Aprepitant is an antiemetic belonging to the class of substance P/neurokinin 1 (NK1) receptor antagonists, primarily used for preventing chemotherapy-induced nausea and vomiting (CINV).
How to Use Aprepitant
Dosage Regimens
Adults and adolescents aged 12 years and older (capsule formulation):
HEC (Highly Emetogenic Chemotherapy) regimen: 125mg on Day 1, followed by 80mg each on Days 2–3.
MEC (Moderately Emetogenic Chemotherapy) regimen: 125mg on Day 1, followed by 80mg each on Days 2–3.
Children aged 6 months to under 12 years or patients unable to swallow capsules (oral suspension formulation):
Dosed based on body weight: 3mg/kg (maximum 125mg) on Day 1, followed by 2mg/kg (maximum 80mg) each on Days 2–3.
Patients with body weight < 6kg: Use is not recommended.
Administration Timing
Take 1 hour before chemotherapy.
If there is no chemotherapy on Days 2–3, take the medication in the morning.
Dosage Adjustment of Aprepitant
Adjustment Based on Adverse Reactions
Severe skin reactions: Immediate discontinuation is required for conditions such as Stevens-Johnson syndrome.
QT interval prolongation: Discontinue the drug when the corrected QT interval using Fridericia’s formula (QTcF) is ≥ 500ms.
Gastrointestinal reactions: For severe abdominal pain or diarrhea, consider reducing the dose or temporarily suspending administration.
Adjustment for Patients with Hepatic Impairment
Mild to moderate hepatic impairment (Child-Pugh score: 5–9 points): No dosage adjustment is needed.
Severe hepatic impairment (Child-Pugh score > 9 points): Limited data are available; use with caution.
Adjustment Related to Drug Interactions
When used in combination with dexamethasone, the dose of dexamethasone should be reduced by 50%.
When used in combination with methylprednisolone:
The dose of intravenous methylprednisolone should be reduced by 25%.
The dose of oral methylprednisolone should be reduced by 50%.
Administration of Aprepitant in Special Populations
Pregnant Women
The drug can cross the placenta.
Pregnancy status should be confirmed before initiating medication.
Use only when the potential benefit outweighs the potential risk.
Inform the patient of the potential risks to the fetus.
Lactating Women
Whether the drug is excreted into human milk has not been confirmed.
Animal studies (in rats) have shown that the drug can enter breast milk.

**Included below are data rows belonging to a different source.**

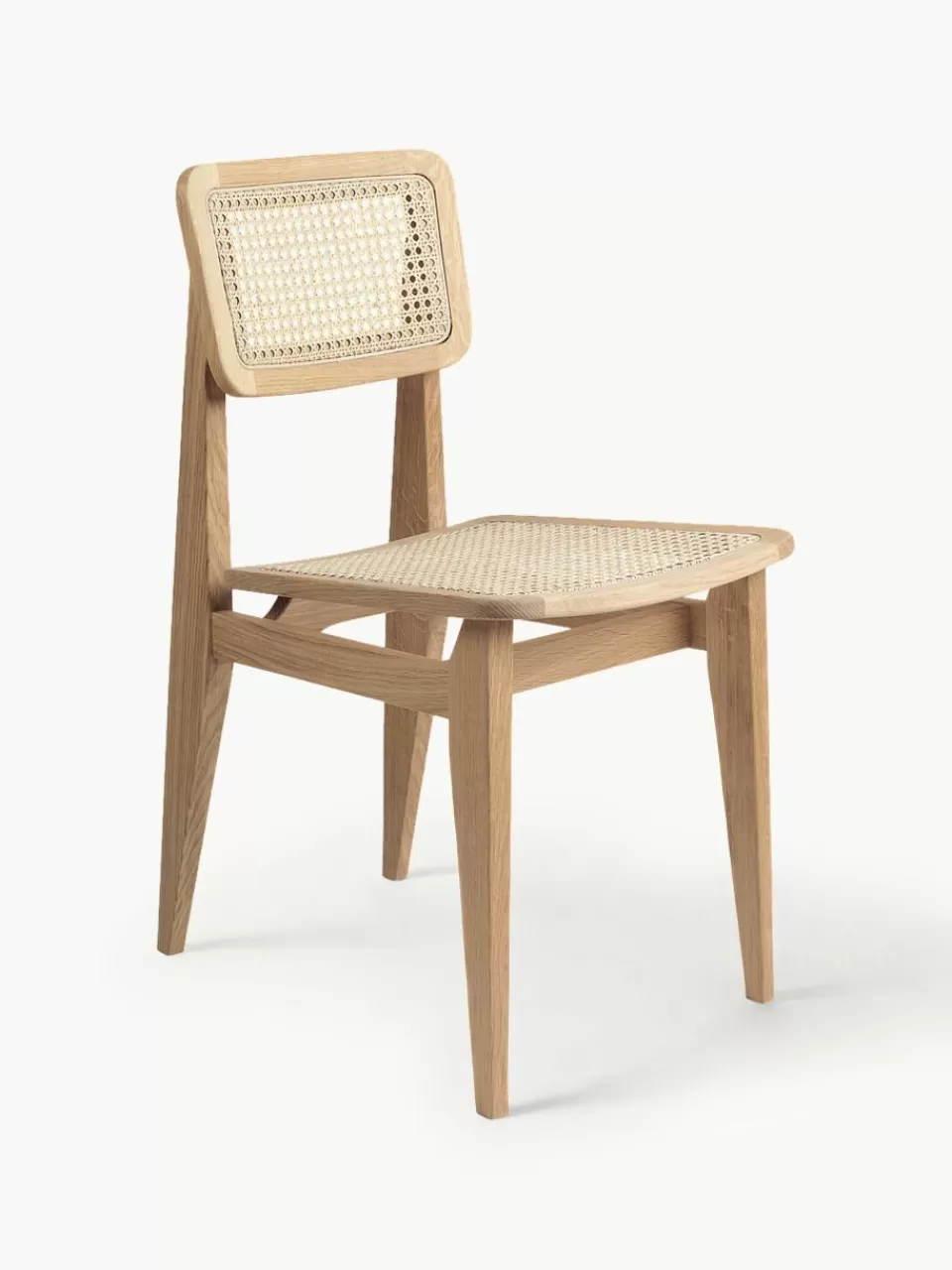 GUBI Houten stoel C-Chair van eikenhout met Weens vlechtwerk | Stoelen | Houten Stoelen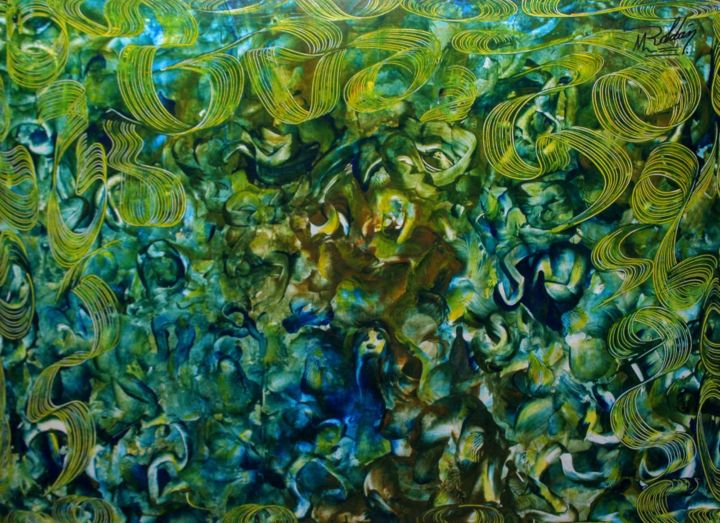Pintura titulada "Luis Alfredo Medina…" por Luis Alfredo Medina Roldán Mroldan Galle, Obra de arte original, Oleo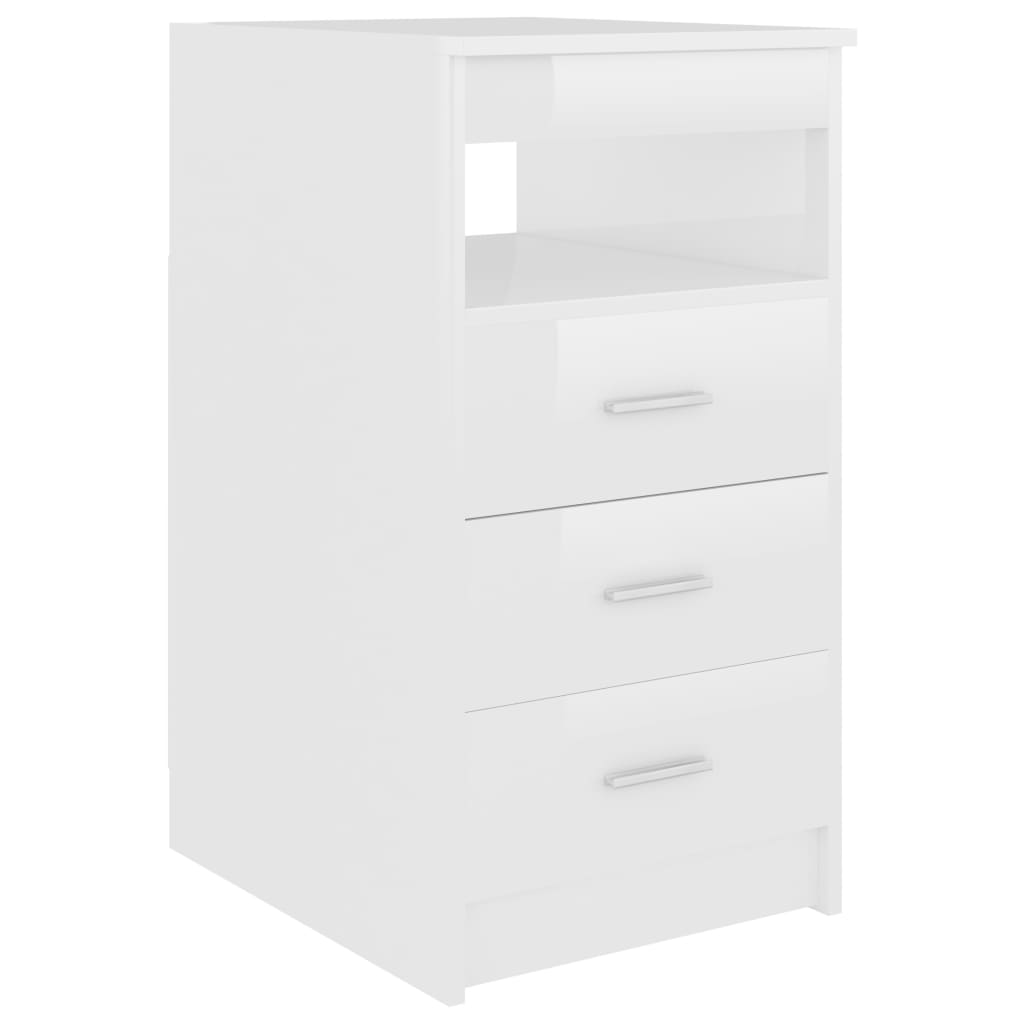 Bureau Blanc brillant 140x50x76 cm Bois d’ingénierie Bureaux vidaXL   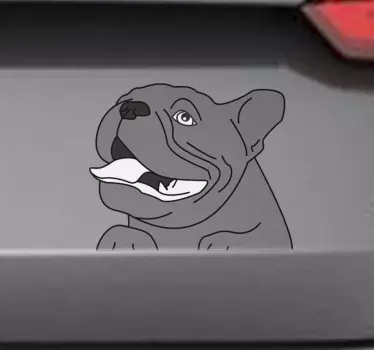 Adorable dog  car Decal - TenStickers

Weigh the benefits of breastfeeding against the potential risks of the drug.
If the drug is used, monitor the infant for adverse reactions.
Reproductive-Age Population
The effectiveness of hormonal contraceptives may be reduced.
Non-hormonal contraceptive measures (e.g., condoms) should be used during treatment and for 1 month after discontinuing Aprepitant.
Pediatric Patients
Infants under 6 months: Efficacy has not been established.
Children aged 6 months to 12 years: Oral suspension is the recommended formulation.
Children aged 12 years and older: Capsule formulation can be used.